_Requirement_: Please copy exactly the part of the records below that opens with the line containing "2023 Airman AX33U mini excavator, side view" and closes with the line containing "Gabardina larga mujer", leaving out any pictures.

_Supplied data_:
......

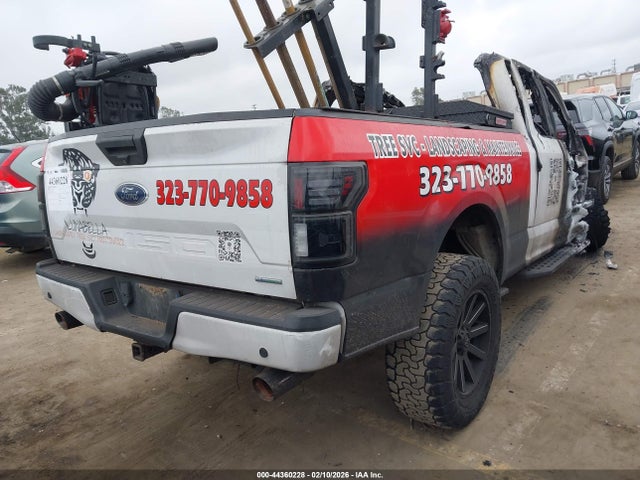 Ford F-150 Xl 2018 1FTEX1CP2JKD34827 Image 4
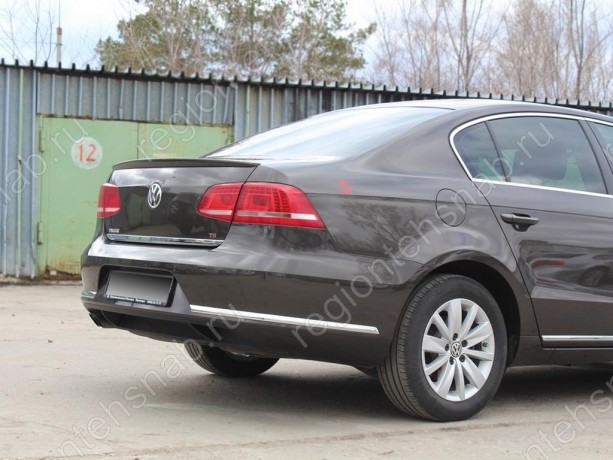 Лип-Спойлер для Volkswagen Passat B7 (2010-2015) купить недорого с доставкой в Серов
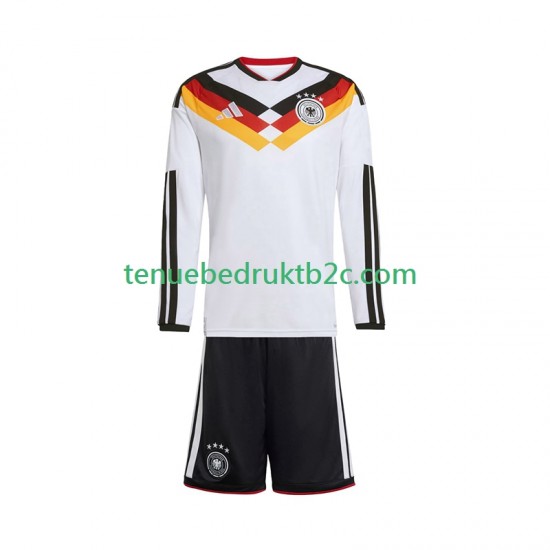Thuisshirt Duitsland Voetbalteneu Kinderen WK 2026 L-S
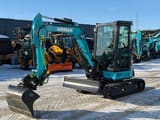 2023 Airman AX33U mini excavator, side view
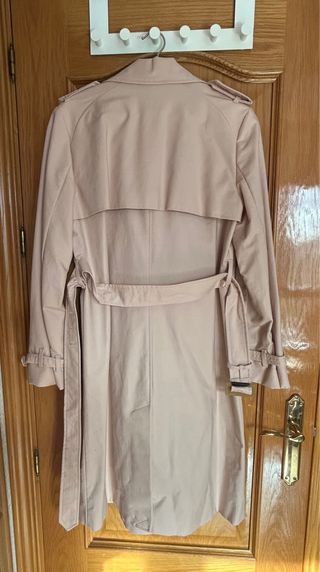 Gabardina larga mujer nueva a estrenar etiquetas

......

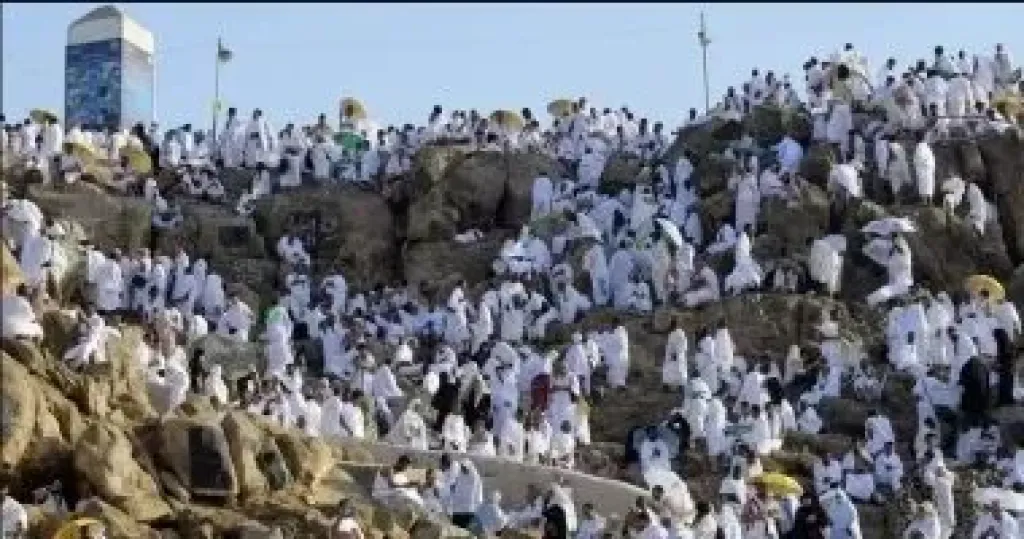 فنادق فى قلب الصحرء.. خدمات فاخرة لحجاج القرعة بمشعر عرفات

......

_Your response_:
 2023 Airman AX33U mini excavator, side view
 Gabardina larga mujer nueva a estrenar etiquetas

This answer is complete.